McDonald’s Laverton North closed its doors on Monday. The fast-food chain has closed 12 restaurants across Melbourne for deep cleaning after an external delivery driver tested positive for Covid-19. Photograph: Daniel Pockett/Getty Images
McDonald’s Laverton North closed its doors on Monday. The fast-food chain has closed 12 restaurants across Melbourne for deep cleaning after an external delivery driver tested positive for Covid-19. Photograph: Daniel Pockett/Getty Images

Hundreds of Melbourne McDonald's employees placed on unpaid leave after Covid-19 contact

This article is more than 3 years old

Workers who were on shift and may have come into contact with infected delivery driver have been told to self-isolate for 14 days

Hundreds of McDonald’s employees in Melbourne are on unpaid leave for 14-days because they may have come into contact with a delivery driver who tested positive to Covid-19.

The fast food chain closed 12 of its restaurants in the city’s outer suburbs on Monday after it was told that a driver, who worked for an external company, made deliveries to those restaurants before he tested positive to the virus.

He is the 12th person to test positive to Covid-19 in a cluster that began at a McDonald’s store in Fawkner, about 20km north of the CBD.

It comes Melbourne abattoir Cedar Meats, the centre of an outbreak that was linked to 99 cases, reopened for business.

About a thousand employees, most of whom are casuals, were affected by the restaurant closures. Several hundred people who were on shift either when the driver made their delivery or immediately after have been told to self-isolate and not return to work for 14-days. None of them have, to date, tested positive to the virus.

McDonald’s employees are covered by the Fast Food Industry Award. Part-time employees may be able to access sick leave, but most are casuals and will just have access to two weeks unpaid pandemic leave. They have been told they will not be able to return to work unless they have tested negative to Covid-19.

The restaurants will be reopened in the next few days after they have been deep cleaned, provided replacement workers are available.

The McDonald’s outbreak began at the Fawkner branch on 8 May.

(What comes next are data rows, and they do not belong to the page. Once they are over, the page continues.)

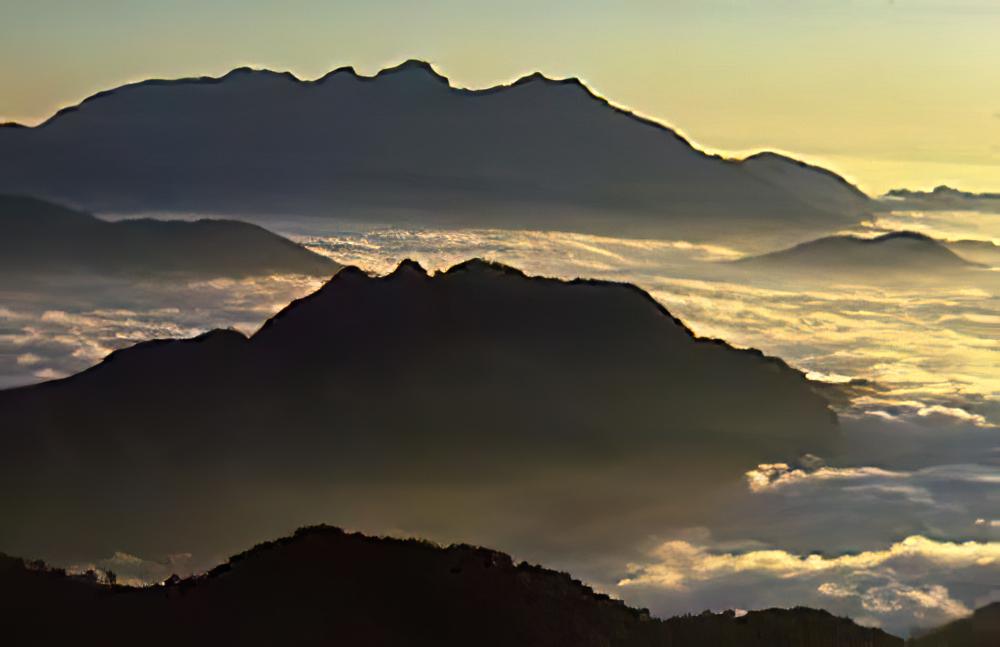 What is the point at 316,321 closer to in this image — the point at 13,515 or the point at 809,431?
the point at 13,515

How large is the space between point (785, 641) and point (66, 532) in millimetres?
89026

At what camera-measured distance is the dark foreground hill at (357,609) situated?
2879 inches

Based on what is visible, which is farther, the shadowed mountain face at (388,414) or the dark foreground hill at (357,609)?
the shadowed mountain face at (388,414)

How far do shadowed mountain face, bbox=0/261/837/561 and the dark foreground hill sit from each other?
64.4m

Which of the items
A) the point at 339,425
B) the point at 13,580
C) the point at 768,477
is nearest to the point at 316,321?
the point at 339,425

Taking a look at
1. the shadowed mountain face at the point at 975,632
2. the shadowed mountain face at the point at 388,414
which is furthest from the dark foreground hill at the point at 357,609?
the shadowed mountain face at the point at 388,414

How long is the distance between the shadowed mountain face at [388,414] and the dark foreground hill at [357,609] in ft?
211

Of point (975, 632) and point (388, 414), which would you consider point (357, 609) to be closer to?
point (975, 632)

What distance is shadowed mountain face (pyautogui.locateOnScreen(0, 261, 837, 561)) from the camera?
15762 centimetres

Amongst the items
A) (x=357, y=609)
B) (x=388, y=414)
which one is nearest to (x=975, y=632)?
(x=357, y=609)

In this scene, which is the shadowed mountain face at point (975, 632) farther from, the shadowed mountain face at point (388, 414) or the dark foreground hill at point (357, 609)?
the shadowed mountain face at point (388, 414)

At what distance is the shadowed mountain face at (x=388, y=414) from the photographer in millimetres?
157625

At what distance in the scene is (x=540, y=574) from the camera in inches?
3125

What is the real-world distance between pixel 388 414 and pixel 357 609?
111 meters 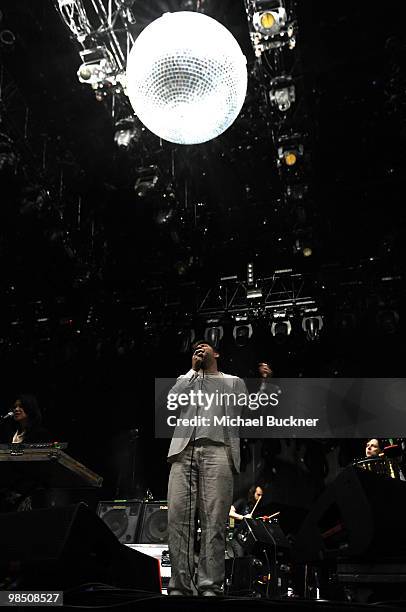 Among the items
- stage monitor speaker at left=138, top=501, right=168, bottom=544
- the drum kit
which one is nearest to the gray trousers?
the drum kit

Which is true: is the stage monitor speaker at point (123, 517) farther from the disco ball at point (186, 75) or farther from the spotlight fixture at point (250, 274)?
the disco ball at point (186, 75)

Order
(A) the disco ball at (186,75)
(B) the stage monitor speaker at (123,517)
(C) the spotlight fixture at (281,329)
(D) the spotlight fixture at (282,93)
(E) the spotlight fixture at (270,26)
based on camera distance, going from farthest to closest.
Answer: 1. (C) the spotlight fixture at (281,329)
2. (B) the stage monitor speaker at (123,517)
3. (D) the spotlight fixture at (282,93)
4. (E) the spotlight fixture at (270,26)
5. (A) the disco ball at (186,75)

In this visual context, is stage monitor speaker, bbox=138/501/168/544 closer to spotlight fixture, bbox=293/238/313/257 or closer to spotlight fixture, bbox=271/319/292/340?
spotlight fixture, bbox=271/319/292/340

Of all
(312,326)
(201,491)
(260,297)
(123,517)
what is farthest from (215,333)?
(201,491)

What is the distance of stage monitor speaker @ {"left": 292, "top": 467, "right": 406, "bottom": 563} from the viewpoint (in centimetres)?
187

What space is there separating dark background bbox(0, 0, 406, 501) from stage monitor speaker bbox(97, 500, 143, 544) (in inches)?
86.1

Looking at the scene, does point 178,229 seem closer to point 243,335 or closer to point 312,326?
point 243,335

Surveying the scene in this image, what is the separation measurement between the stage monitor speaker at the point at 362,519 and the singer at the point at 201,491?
1.29m

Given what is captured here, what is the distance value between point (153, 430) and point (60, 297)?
2294 millimetres

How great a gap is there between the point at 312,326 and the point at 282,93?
323 centimetres

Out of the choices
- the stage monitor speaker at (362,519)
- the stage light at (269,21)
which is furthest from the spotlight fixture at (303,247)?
the stage monitor speaker at (362,519)

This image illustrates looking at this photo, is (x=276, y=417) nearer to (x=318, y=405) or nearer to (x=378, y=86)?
(x=318, y=405)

Within five days three cases had been confirmed and the restaurant was closed for a deep-cleaning, with 92 employees tested and all close contacts of the confirmed cases told to self-isolate for 14-days.

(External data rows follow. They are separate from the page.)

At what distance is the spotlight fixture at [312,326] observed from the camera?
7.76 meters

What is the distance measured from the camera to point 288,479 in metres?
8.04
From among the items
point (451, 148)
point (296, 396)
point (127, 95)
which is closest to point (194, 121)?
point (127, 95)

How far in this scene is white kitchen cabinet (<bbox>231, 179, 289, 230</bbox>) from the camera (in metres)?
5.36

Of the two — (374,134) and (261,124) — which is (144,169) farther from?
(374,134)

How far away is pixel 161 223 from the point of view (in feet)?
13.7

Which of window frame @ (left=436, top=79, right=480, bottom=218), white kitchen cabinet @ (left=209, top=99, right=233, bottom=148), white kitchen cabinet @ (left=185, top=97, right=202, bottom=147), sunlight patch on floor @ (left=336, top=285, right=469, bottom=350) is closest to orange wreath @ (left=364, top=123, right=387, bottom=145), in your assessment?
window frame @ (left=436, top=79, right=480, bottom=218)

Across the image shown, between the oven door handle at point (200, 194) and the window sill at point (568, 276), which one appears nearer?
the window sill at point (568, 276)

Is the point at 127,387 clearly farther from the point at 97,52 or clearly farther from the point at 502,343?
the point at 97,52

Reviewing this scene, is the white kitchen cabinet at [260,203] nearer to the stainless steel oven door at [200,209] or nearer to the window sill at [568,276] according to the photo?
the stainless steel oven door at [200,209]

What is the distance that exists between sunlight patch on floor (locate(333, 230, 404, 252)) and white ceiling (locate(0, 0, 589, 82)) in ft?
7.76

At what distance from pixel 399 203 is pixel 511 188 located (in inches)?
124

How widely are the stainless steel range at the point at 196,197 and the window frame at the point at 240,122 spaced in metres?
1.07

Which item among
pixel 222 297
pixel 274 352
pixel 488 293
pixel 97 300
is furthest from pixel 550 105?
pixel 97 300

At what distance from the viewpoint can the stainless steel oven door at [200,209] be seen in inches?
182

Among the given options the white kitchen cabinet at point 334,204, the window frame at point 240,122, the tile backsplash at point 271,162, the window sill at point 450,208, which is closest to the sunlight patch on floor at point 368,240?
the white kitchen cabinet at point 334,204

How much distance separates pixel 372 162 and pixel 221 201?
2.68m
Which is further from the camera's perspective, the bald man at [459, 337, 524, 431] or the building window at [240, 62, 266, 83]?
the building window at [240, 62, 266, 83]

One week after the outbreak was first reported, the cluster had grown to 10. On Saturday an 11th case was reported, this time in an employee at the McDonald’s in Craigieburn who was a relative of one of the employees of McDonald’s Fawkner.

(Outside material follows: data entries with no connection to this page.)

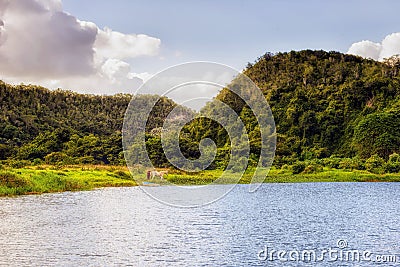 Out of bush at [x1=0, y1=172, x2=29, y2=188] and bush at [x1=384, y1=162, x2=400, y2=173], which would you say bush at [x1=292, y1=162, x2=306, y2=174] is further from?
bush at [x1=0, y1=172, x2=29, y2=188]

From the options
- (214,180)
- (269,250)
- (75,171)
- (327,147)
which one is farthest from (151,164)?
Result: (269,250)

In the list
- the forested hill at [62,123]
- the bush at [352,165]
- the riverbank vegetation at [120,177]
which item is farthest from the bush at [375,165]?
the forested hill at [62,123]

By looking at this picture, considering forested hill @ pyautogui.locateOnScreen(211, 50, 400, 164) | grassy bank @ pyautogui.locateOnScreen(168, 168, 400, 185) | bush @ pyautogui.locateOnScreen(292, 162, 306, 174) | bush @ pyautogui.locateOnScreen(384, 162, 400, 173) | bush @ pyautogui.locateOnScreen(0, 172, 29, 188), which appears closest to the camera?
bush @ pyautogui.locateOnScreen(0, 172, 29, 188)

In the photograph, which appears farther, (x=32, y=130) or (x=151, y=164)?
(x=32, y=130)

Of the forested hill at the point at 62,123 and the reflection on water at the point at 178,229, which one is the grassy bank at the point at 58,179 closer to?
the reflection on water at the point at 178,229

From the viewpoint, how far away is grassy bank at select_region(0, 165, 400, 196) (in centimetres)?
4012

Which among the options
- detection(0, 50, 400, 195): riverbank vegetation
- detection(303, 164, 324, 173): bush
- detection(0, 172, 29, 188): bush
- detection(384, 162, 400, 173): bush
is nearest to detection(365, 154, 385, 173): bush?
detection(0, 50, 400, 195): riverbank vegetation

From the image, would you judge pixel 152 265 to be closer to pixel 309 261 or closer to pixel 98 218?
pixel 309 261

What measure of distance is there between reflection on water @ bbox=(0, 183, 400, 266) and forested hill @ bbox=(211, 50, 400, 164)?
128 ft

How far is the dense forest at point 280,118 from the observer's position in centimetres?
7119

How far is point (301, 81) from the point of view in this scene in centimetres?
11256

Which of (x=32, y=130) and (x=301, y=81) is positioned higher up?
(x=301, y=81)

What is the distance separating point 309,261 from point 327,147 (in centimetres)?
6822

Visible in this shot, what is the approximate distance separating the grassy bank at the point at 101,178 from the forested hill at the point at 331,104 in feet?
30.5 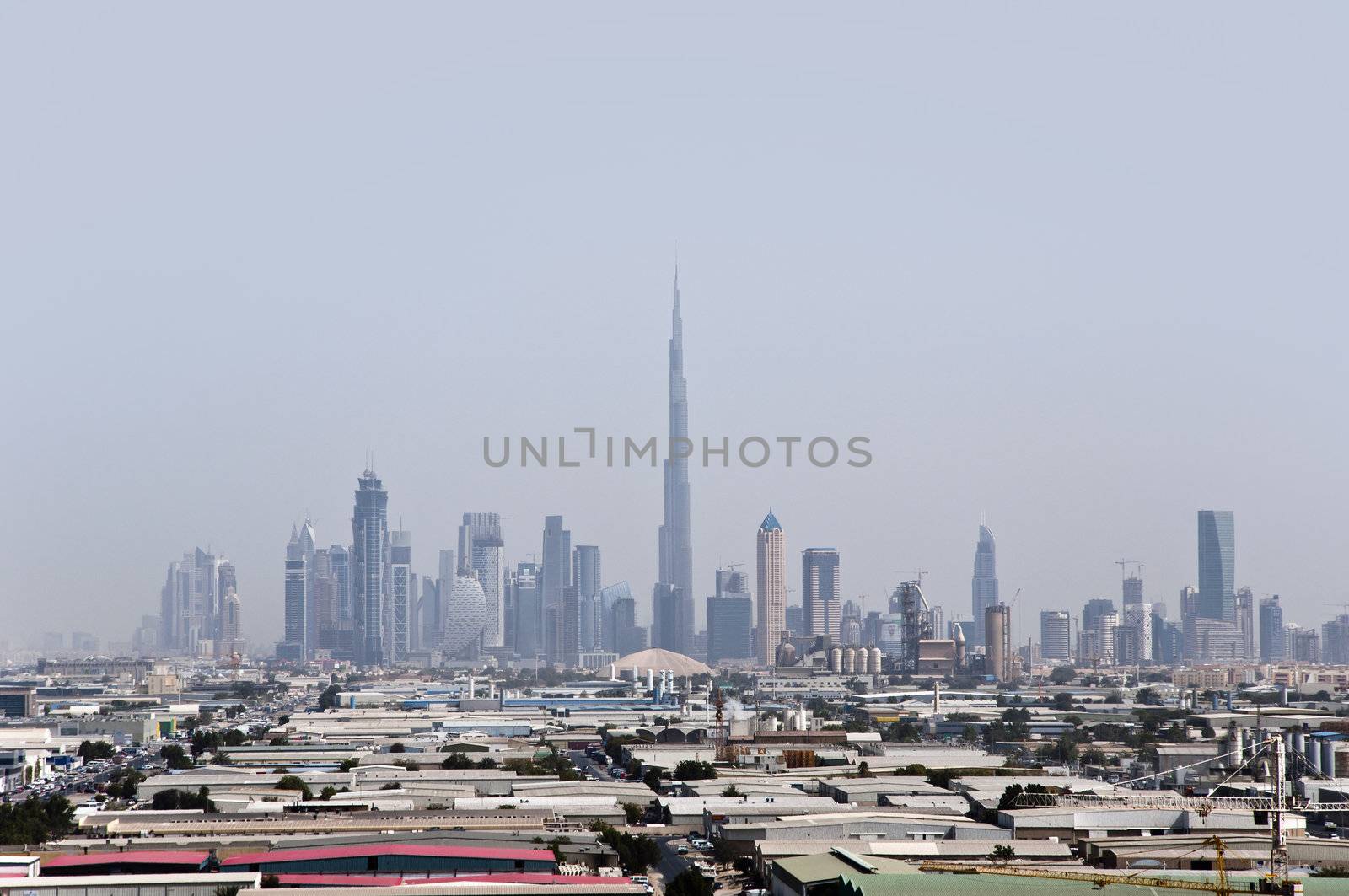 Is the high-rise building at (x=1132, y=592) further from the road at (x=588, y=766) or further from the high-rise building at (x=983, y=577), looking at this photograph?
the road at (x=588, y=766)

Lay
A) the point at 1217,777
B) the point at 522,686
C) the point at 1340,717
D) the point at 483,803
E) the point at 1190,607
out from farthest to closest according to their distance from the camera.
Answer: the point at 1190,607
the point at 522,686
the point at 1340,717
the point at 1217,777
the point at 483,803

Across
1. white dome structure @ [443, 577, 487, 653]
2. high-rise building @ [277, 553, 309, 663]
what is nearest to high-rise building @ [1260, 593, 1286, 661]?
white dome structure @ [443, 577, 487, 653]

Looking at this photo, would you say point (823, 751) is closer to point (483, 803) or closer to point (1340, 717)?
point (483, 803)

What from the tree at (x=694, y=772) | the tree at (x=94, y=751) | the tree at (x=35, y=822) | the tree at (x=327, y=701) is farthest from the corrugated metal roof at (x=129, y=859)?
the tree at (x=327, y=701)

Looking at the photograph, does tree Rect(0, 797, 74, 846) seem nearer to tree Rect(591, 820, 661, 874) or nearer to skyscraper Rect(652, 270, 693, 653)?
tree Rect(591, 820, 661, 874)

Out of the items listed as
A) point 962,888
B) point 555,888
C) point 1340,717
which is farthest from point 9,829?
point 1340,717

The delivery driver was identified as a close contact of the Craigieburn case.

Victoria’s deputy chief health officer, Dr Annaliese van Diemen, said McDonald’s searched CCTV footage to identify 12 restaurants which the delivery driver had visited while potentially asymptomatic for the disease.

They are: Melton East; Laverton North; Yallambie; Taylors Lakes; Campbellfield; Sunbury; Hoppers Crossing; Riverdale Village; Sandown; Calder Highway northbound; Calder Highway southbound; and the BP Rockbank Service Centre outbound.

“We have worked very closely with McDonald’s and they have taken all steps required by us — and then some — and they have done a very extensive investigation very quickly on a Sunday evening,” van Diemen said.

She added: “nobody will return to work at McDonald’s until they have had a negative test.”

The Craigieburn and Fawkner outlets have already been cleaned and re-opened, but the staff from those stores remain under 14-day quarantine. The restaurants are currently staffed by employees from other stores.

A spokesman from McDonald’s Australia said the 12 stores were closed out of “an abundance of caution” and that “no other employees have tested positive for COVID-19 at this time”.

“The truck driver made deliveries to 12 restaurants and interacted with a small number of restaurant employees on each occasion while asymptomatic and unaware they had contracted COVID-19,” they said.

“Potential close contacts and employees who have worked specific shifts during and after the truck drivers’ delivery have been instructed not to return to work for 14 days and advised to be tested.”